Jethro Tull in Münster 1980
Verfasst: So Sep 02, 2018 8:57 pm
Ich werde hier einmal die lokale Presse -in nicht chronologischer Reihenfolge- über die Tull-Konzerte in Münster sprechen lassen, evtl. mit ein paar Anmerkungen meinerseits. Los geht's mit dem Stormwatch-Konzert am 20.03.1980.
Am 15.03. meldete die lokale Tageszeitung (WN):
Donnerstag, 20. März:
Jethro Tull" gastieren in der Halle Münsterland.
Ian Anderson und seine famose Truppe wieder einmal in Münster.
Achtung: Nach letzten Informationen ist das Konzert restlos ausverkauft. Nichts geht mehr.

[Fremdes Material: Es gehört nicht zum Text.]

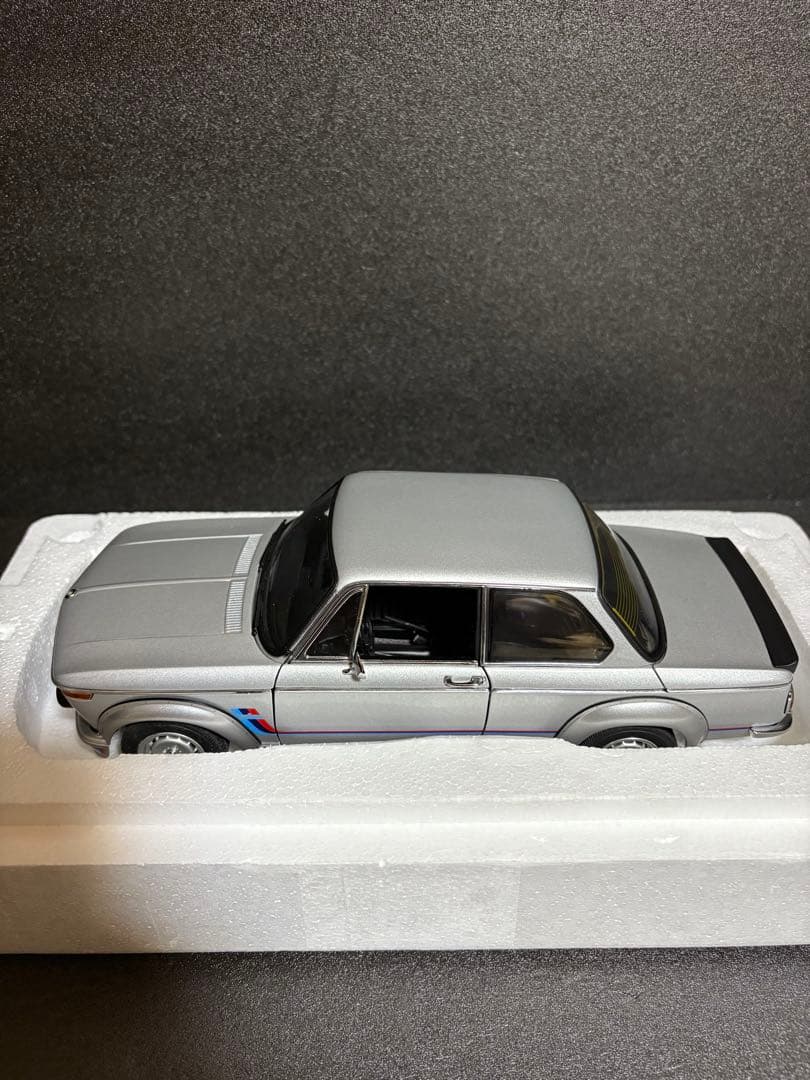AUTO art 1/18 BMW 2002 TURBO シルバー マルニターボ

Am 19. dann diese Anzeige:
Wer verk. Jethro Tull-Karte? Tel. xxxxxx
Und am 22.03. dann diese euphorische Kritik, die voll und ganz meiner Erinnerung an dieses denkwürdige Konzert entspricht:
Jethro Tull machte Halle zum Tollhaus
Die sechs Mann von der englischen Rockformation Jethro Tull sollten sich einen neuen Namen zulegen: vielleicht Jethro Tollhaus. Denn in ein solches verwandelten sie die Halle Münsterland am Donnerstagabend. Die die Halle bis unters Dach füllende Zuhörerschaft hatte während des Konzertes schon jedem Titel begeistert applaudiert. Als dann die beiden Zugaben angestimmt wurden, stürmte alles nach vorne, stand auf den Stühlen, tanzte und hüpfte herum.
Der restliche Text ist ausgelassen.